_Work request_
Reproduce every line of the material below exactly. No pictures belong in the copy.

*** Opening of Material provided ***

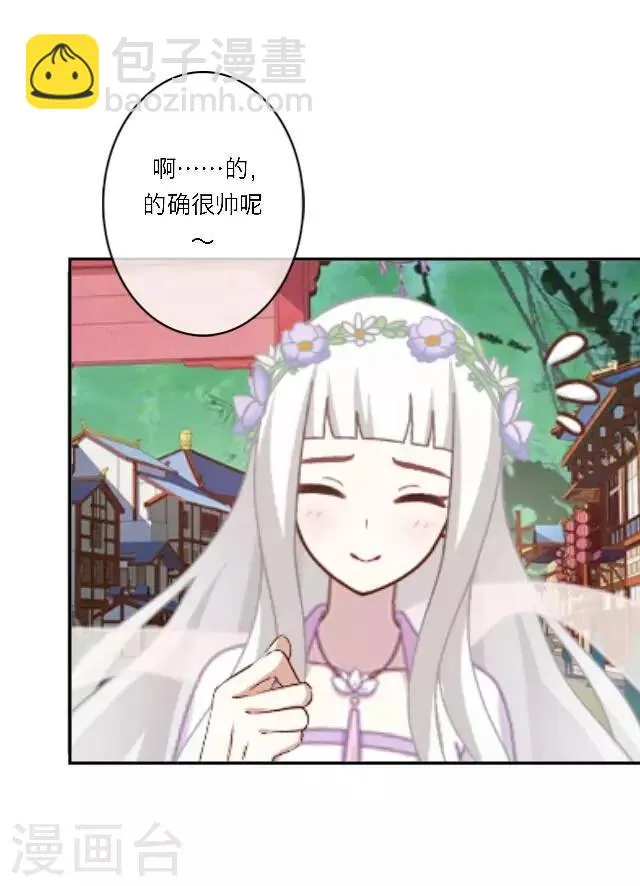 第1话 最为温暖的江湖 第79页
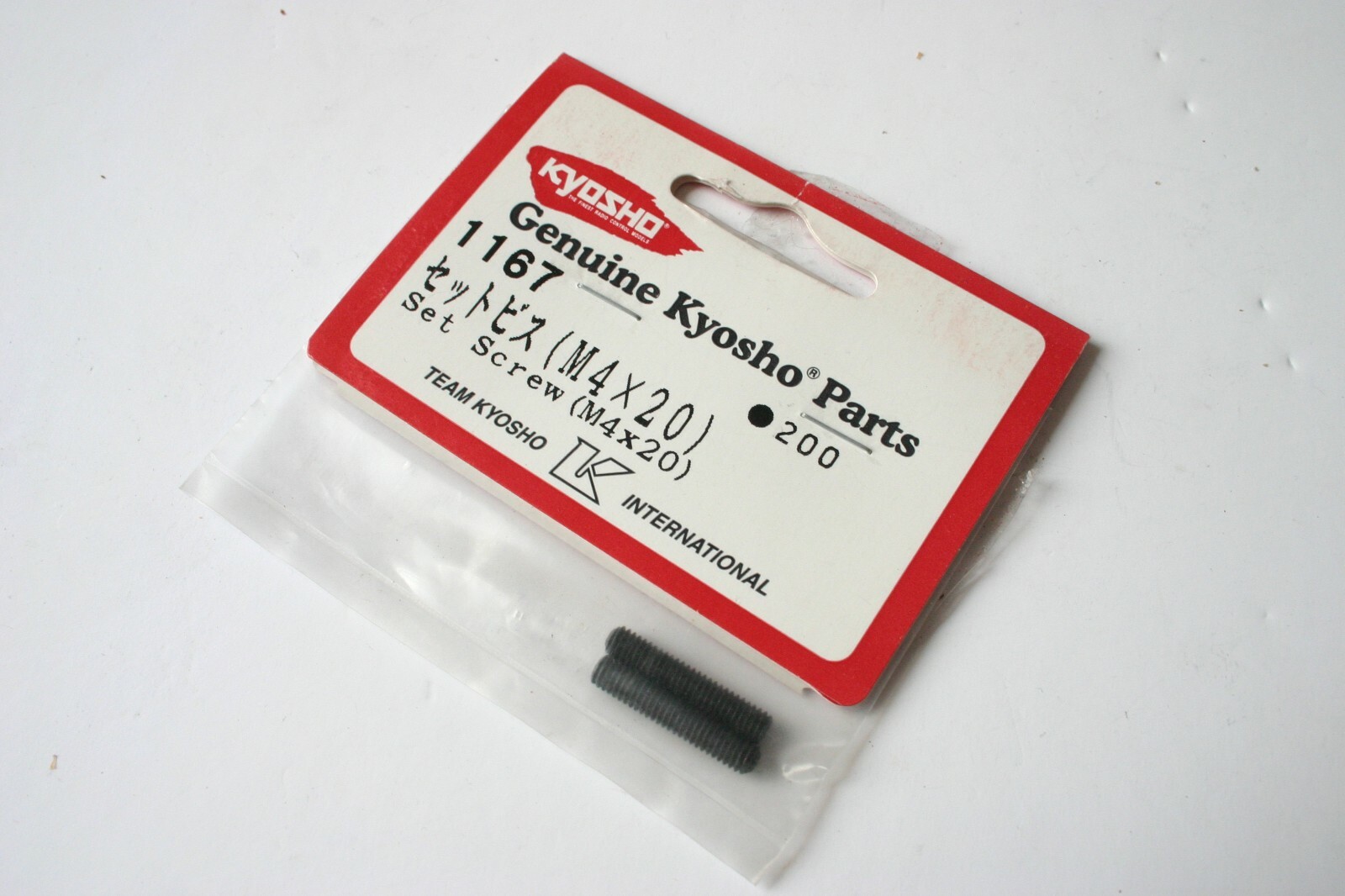 Kyosho Set Screws M4 x 20mm (2) - 1167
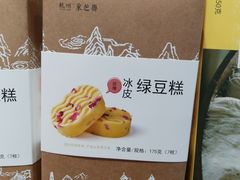 -采芝斋(延安路店)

*** Close of Material provided ***

_The completed task_
 第1话 最为温暖的江湖 第79页
 Kyosho Set Screws M4 x 20mm (2) - 1167
 -采芝斋(延安路店)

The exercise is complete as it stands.